10 min read
Towards Inherently Interpretable Bayesian Neural Networks

This year I’m working on a research project in the area of Bayesian Deep Learning as part of my Master’s degree in Computer Engineering. It’s still a work-in-progress, but I’ve included an adapted version of my initial project proposal below. I’ll try to update this often as the scope/direction of my project evolves, but I’ll certainly be writing a more detailed blog post on the project once it’s complete.

Update: I’ve since published a blog post which further develops some of the ideas in this proposal and sets out a roadmap for the project.

Background and Motivation

Bayesian Last-Layers

Approximating Bayesian inference in neural networks is computationally challenging due to the intractability of the posterior distribution and the high dimensionality of parameter spaces, making scalable and efficient methods essential for the wider adoption of Bayesian neural networks.

Bayesian last-layer architectures represent a promising avenue for balancing computational efficiency and accuracy in uncertainty estimation. These architectures separate representation learning from uncertainty estimation by using deterministic layers to extract features and reserving Bayesian inference for the final layer. This hybrid approach significantly reduces the computational overhead associated with full-network Bayesian inference while preserving high-quality uncertainty estimates.

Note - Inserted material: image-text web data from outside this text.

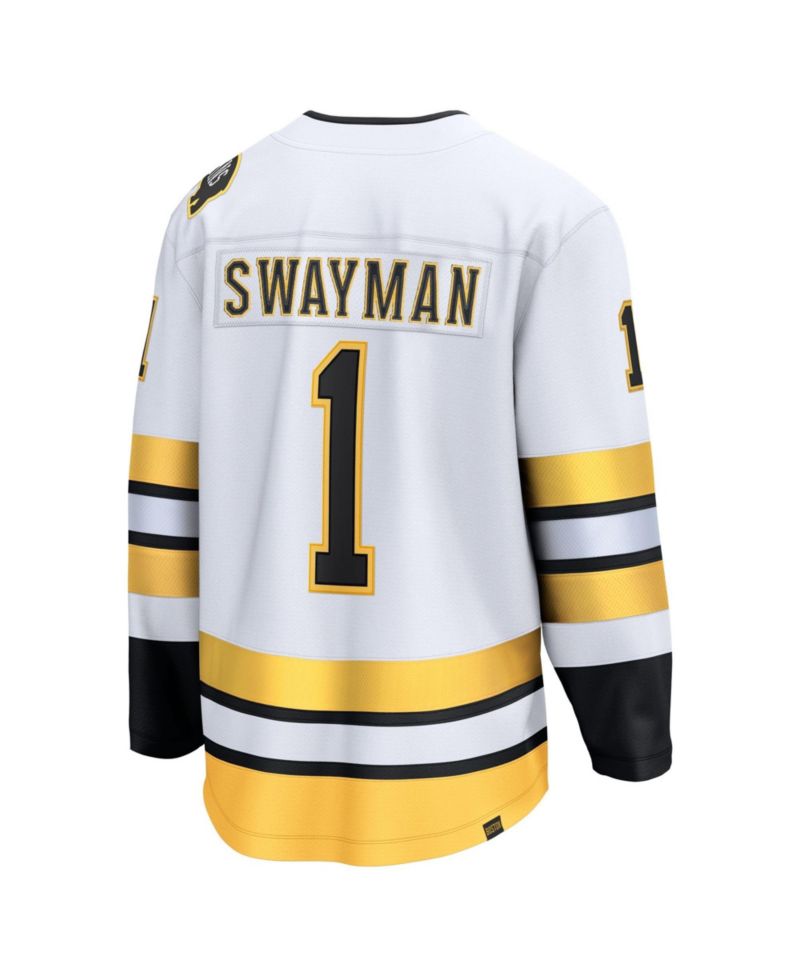 Men's Jeremy Swayman White Boston Bruins Away Breakaway Player Jersey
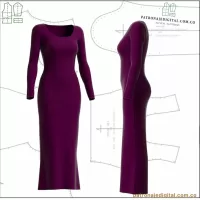 Ref 1135 Vestido slim fit cuello U - Imagen 3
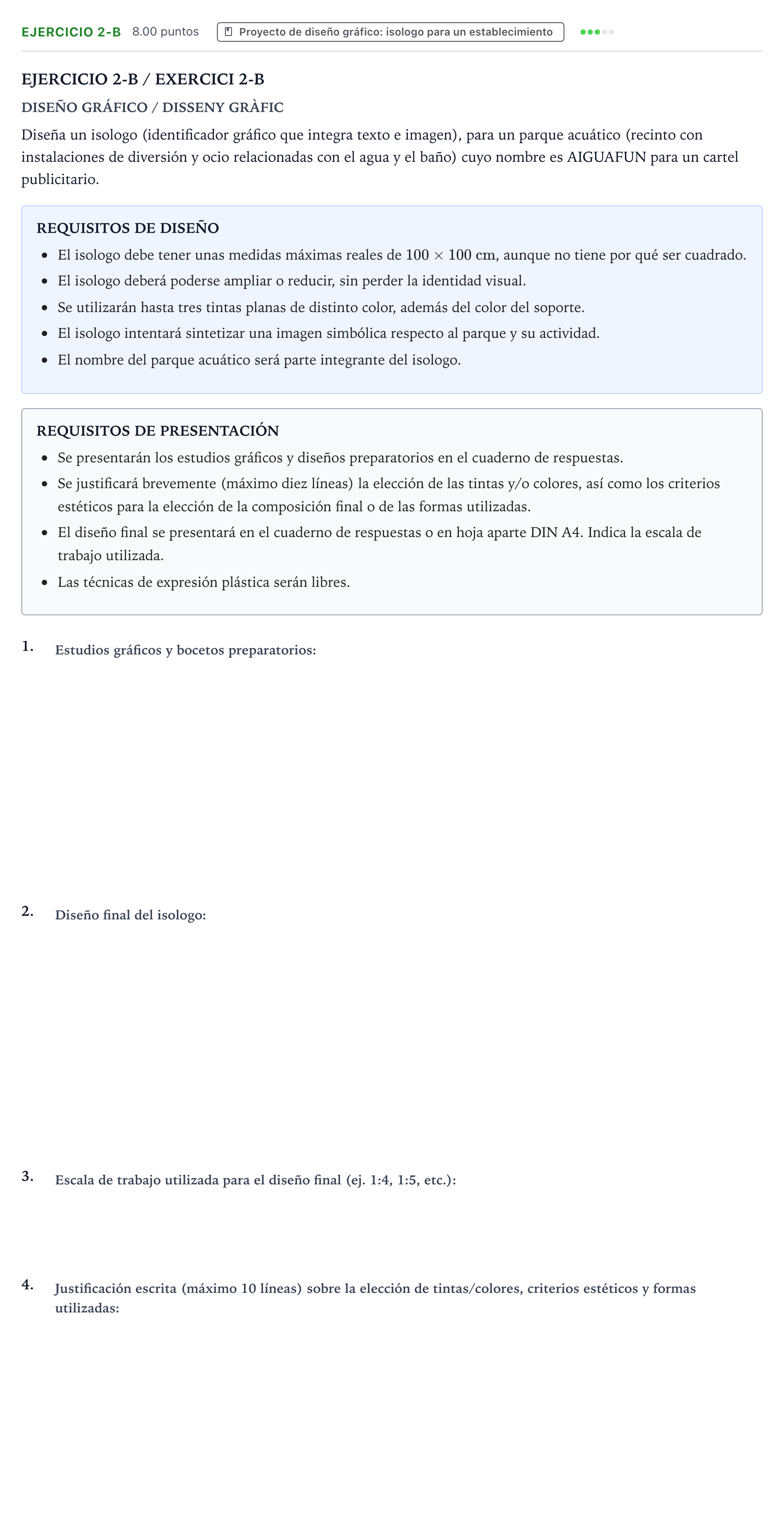 Enunciado: Ejercicio 2-B · Diseño PAU Valencia Ordinaria 2021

The paper “On Last-Layer Algorithms for Classification: Decoupling Representation from Uncertainty Estimation”1 demonstrated that Bayesian last-layer architectures achieve comparable performance to fully Bayesian networks tasks which involve quantifying uncertainty, such as out-of-distribution detection and selective classification. These findings suggest that uncertainty quantification primarily depends on the final layer of the network, making it unnecessary to apply Bayesian inference across all layers. Since the publication of this paper, there have been several more approaches proposed for this sort of partially Bayesian inference, such as a last-layer variant of the Laplace approximation2 and “Variational Bayesian last-layers”3.

Explanations for Uncertainty

Explaining uncertainty in Bayesian neural networks is essential for making machine learning models more interpretable and trustworthy, especially in safety-critical applications like healthcare and autonomous systems. While uncertainty estimates themselves provide insights into a model’s confidence, methods like CLUE go further by seeking to identify the sources of uncertainty.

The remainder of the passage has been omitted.